Q: I work in a building supplies company but due to the downturn in the construction industry, there is a lot of talk in our workplace about redundancies.

I was the last employee to be taken on 2 years ago will I be the first to be made redundant? Have I enough employment service to get redundancy?

A: What you are referring to is the “Last in first out” rule. Although many people think that the “Last in first out” rule is a strict legal rule and must be followed in all circumstances, this is not actually the case.

You should first check your contract of employment or other written terms and conditions of employment. When it comes to selecting which employees are to be made redundant, an employer must, under the law, apply selection criteria that are reasonable and he must also apply those selection criteria fairly. “Last in first out” may apply in your case but not necessarily.

If your contract of employment sets out what criteria are to be used in making a selection for redundancy then your employer should follow this criteria. For example your contract may well state that the employer will follow the rule of “Last in first out” but not all contracts of employment have this included, so it is important to check.

Alternatively, if your contract does not state “Last in first out” but the custom and practice in your workplace has been to apply this criteria in the past then again your employer should follow the rule. It will be for your employer to prove that the rule applies and that he has followed procedures fairly. If the rule applies and your employer does not follow it or if the procedures which do apply have not been followed by him then you can bring a claim for unfair dismissal.

There are certain legal rules which apply regarding how much employment service you must have to be eligible for redundancy payments. To be eligible for redundancy payments, you must have worked continuously for your employer for at least 2 years. The other criteria are that you must be 16 years or older (there is no upper age limit) and you must be in “insurable” employment under Social Welfare law (this is a very broad category of different types of jobs and covers virtually all types of paid work).

In deciding whether you have been in “continuous employment” for 2 years the law says that certain types of absences from work will not break the continuity of your employment. These are absences due to such things as taking maternity or parental leave, absence due to illness, holidays and so on.
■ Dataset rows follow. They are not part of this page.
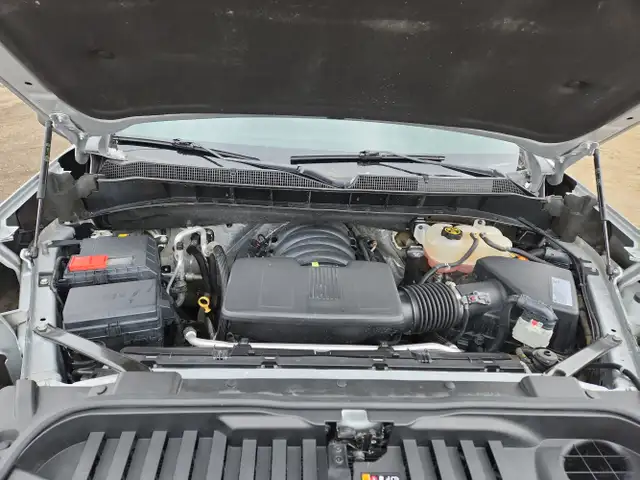 2020 Chevrolet Silverado 1500 - Photo 27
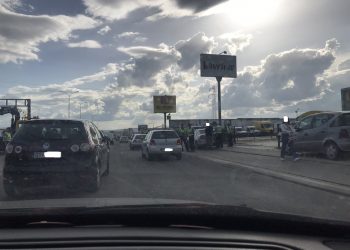 Aksident i rëndë në Kosovë: Një i vdekur dhe 7 të plagosur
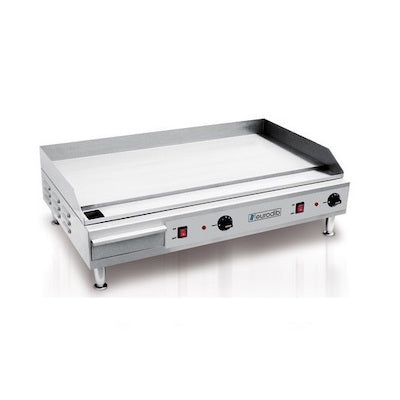 Eurodib Commercial Electric Griddle SFE04910 - 95Lbs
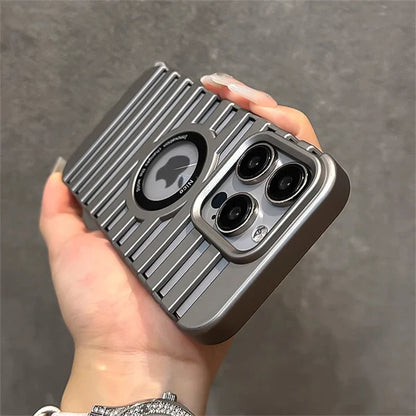 MagSafe Wärmeableitungsgehäuse für iPhone-Modelle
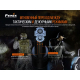 Фонарь Fenix TK35UE V2.0, фото 11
So if you were absent from work for some time due to say, an illness, this will not affect your eligibility for redundancy payments.

As with any dismissal, your employer must act reasonably when dismissing any employees in a redundancy situation. Your employer should consult with you before making the final decision and he should consider all options. This could include offering you alternative work.

As far as notice of redundancy is concerned, you are entitled to a minimum of 2 weeks’ notice of redundancy and this period goes up depending on the period of service. For example somebody with over 15 years’ service is entitled to 8 weeks notice.

If you are being made redundant then you are also entitled to paid time off work to look for a new job. This time off should be reasonable.